Concurrently inquire about t using map function_bnIn every a line r, successively consider t_jdpIn all row, result is with < key, value > form write hdfs file f_jdpIn, wherein: key is t_jdpIn comprise r row race member row, value is r Value, i.e. a certain conditional probability value in g；Using reduce function pair file f_jdpIn<key, value>divide to by key Group, and each group is had all value multiplications of identical key, thus obtaining for q and e and each possibility of v-q-e interior joint Joint probability distribution under valued combinations situation,

Then, calculate marginal probability distribution, obtain Posterior probability distribution,

Combination according to p (q=q, e=e) and evidence node value, query node value and hidden node value involved by p (e=e), will The result that reduce function obtains adds up, thus obtaining marginal probability distribution p (q=q, e=e) and p (e=e), finally gives Required Posterior probability distribution, completes probability inference task.

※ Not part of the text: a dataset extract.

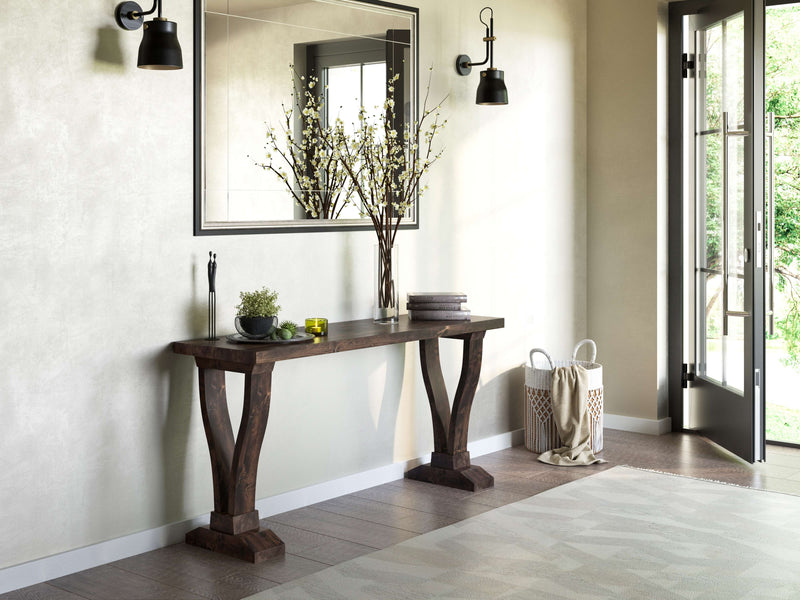 A modern, minimalist entryway features the Vera Sofa Table - Tobacco from James+James adorned with a vase of tall branches, a small green candle, and stacked books. Two black wall sconces flank a large mirror above the table. A light-filled doorway opens to a lush green garden.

2. a kind of large-scale Bayesian network parallel inference method based on mapreduce according to claim 1, its feature It is: methods described refers to the Bayesian network inference method of " credit card fraud detection ", completes according to the following steps:

(1) distributed storage of Bayesian network

T for storage " credit card fraud detection " Bayesian network_bnIn node f, g, j, a, s, concurrently read using map function Take each of the conditional probability parameter list of node value, and it is stored t with<key, value>form_bnIn, for f, if There is p (f=f₁)=0.1 and p (f=f₂)=0.9, then store hbase data base t_bnRow in table, using f as line identifier, arranges Race is (f=f₁| | 0.1) and (f=f₂| | 0.9), the t of storage " credit card fraud detection " Bayesian network_bnAs shown in table 1,

Table 1 stores the t of " credit card fraud detection " Bayesian network_bn

(2) decompose probability inference task

If known evidence node value (a=a₄, j=j₁), query node value f=f₁, reasoning task is: calculates p (f=f₁| a=a₄, J=j₁), due to, therefore by this reasoning task Be converted to p (f=f₁, a=a₄, j=j₁) and p (a=a₄, j=j₁) this two marginal probability distributions calculating, for p (f=f₁, A=a₄, j=j₁) for, g and s is hidden node, and this marginal probability distribution is exactly f=f₁, a=a₄, j=j₁, and g with s different Joint probability distribution sum under valued combinations situation；For p (a=a₄, j=j₁) for, f, g and s are hidden node, this edge Probability distribution is exactly a=a₄, j=j₁, and f, g valued combinations situation different with s under joint probability distribution sum, by these The combination of probable value stores file t_jdpIn；

Concurrently inquire about t using map function_bnIn every a line, and and t_jdpIn all row be compared successively, for t_bnIn The first row, take out line identifier be f row race member f₁It is known that t_jdpIn comprise f₁Row have a₄j₁f₁g₁s₁、a₄j₁f₁g₁s₂、 a₄j₁f₁g₂s₁And a₄j₁f₁g₂s₂, therefore using these as key, by t_bnThe probit 0.1 of middle current line as value, with <key, value>form is by<a₄j₁f₁g₁s₁,0.1>、<a₄j₁f₁g₁s₂,0.1>、<a₄j₁f₁g₂s₁, 0.1>and<a₄j₁f₁g₂s₂,0.1 > store f_jdpIn, in the same way, for other row in table 1, corresponding<key, value>is stored f_jdpIn,

Using reduce function pair file f_jdpMiddle key identical value is multiplied, thus obtaining

p(a₄j₁f₁g₁s₁)=0.0009, p (a₄j₁f₁g₁s₂)=0.0013, p (a₄j₁f₁g₂s₁)=0.0036,

p(a₄j₁f₁g₂s₂)=0.0052, p (a₄j₁f₂g₁s₁)=0.00036, p (a₄j₁f₂g₁s₂)=0.00036,

p(a₄j₁f₂g₂s₁)=0.03564, p (a₄j₁f₂g₂s₂)=0.06237；

(4) calculate marginal probability distribution, obtain Posterior probability distribution

According to p (f=f₁, a=a₄, j=j₁) and p (a=a₄, j=j₁) involved by evidence node value, query node value and hidden section The combination of point value, the result that above reduce function is obtained adds up, and obtains

Finally give required Posterior probability distribution

Thus completing probability inference task.